RUU yang dipimpin oleh Partai Demokrat ini disahkan dalam sidang pleno setelah filibuster selama 24 jam yang diluncurkan oleh Partai Kekuatan Rakyat (PPP) dan Partai Reformasi berakhir.
Partai Kekuatan Rakyat (PPP) memboikot pemungutan suara sebagai protes.
RUU tersebut mewajibkan penunjukan penasihat khusus baru untuk menyelidiki sekitar 17 tuduhan.

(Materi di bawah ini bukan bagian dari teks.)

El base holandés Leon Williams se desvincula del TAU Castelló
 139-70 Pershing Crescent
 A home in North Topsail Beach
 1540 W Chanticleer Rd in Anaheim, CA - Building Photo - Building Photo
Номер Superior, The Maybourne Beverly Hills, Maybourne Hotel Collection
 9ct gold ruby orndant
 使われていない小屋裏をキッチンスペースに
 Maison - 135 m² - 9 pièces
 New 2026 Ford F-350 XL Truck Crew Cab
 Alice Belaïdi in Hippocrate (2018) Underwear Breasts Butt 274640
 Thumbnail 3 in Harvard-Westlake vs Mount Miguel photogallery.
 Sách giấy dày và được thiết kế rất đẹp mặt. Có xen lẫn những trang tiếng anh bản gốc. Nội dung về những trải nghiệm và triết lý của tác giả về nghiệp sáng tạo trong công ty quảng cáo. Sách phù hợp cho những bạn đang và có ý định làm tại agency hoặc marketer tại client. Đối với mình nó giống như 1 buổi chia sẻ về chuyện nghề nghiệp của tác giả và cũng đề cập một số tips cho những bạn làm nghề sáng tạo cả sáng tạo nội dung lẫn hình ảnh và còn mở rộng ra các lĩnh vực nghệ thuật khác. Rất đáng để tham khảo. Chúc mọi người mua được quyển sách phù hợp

Tiga tim sebelumnya tidak dapat menyelesaikan pertanyaan seputar langkah darurat militer Yoon pada 2024, tuduhan seputar mantan ibu negara Kim Keon-hee, dan penanganan kematian seorang marinir selama operasi pencarian pada 2023.
Tim direncanakan akan memiliki waktu total hingga 170 hari untuk penyelidikan, dengan 90 hari pertama untuk penyelidikan, kemungkinan perpanjangan 30 hari tanpa persetujuan, dan perpanjangan lain yang memerlukan persetujuan presiden.
Ketegangan antara fraksi partai politik terkait kegagalan upaya darurat militer Yoon diperkirakan akan meningkat lebih lanjut dengan diluncurkannya tim penasihat khusus besar-besaran menjelang pemilu daerah pada 3 Juni.